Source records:
*****

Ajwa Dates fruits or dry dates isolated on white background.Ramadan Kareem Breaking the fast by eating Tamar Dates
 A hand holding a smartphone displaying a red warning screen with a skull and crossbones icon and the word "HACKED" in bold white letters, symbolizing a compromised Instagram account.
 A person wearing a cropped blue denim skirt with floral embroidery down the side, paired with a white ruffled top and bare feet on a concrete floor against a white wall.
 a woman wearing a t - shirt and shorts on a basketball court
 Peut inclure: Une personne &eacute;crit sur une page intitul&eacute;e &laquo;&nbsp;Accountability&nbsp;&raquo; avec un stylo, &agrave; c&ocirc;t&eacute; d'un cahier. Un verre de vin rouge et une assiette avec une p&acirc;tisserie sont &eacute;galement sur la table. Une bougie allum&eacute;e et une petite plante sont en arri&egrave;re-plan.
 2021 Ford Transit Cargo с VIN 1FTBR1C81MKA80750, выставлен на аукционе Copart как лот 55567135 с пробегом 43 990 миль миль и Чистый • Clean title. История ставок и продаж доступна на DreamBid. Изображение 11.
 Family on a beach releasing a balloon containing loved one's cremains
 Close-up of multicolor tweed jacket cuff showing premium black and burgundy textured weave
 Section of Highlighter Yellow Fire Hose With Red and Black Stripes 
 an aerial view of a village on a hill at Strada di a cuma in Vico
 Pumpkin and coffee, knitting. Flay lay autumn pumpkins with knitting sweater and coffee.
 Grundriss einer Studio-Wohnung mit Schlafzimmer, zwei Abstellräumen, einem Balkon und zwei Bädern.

*****

**TASK GOAL:** Given the records above, restate word for word only the lines starting at the one with "Close-up of multicolor" and ending at the one with "Pumpkin and coffee, knitting.".

**ANSWER TO THE PROBLEM:**
 Close-up of multicolor tweed jacket cuff showing premium black and burgundy textured weave
 Section of Highlighter Yellow Fire Hose With Red and Black Stripes 
 an aerial view of a village on a hill at Strada di a cuma in Vico
 Pumpkin and coffee, knitting. Flay lay autumn pumpkins with knitting sweater and coffee.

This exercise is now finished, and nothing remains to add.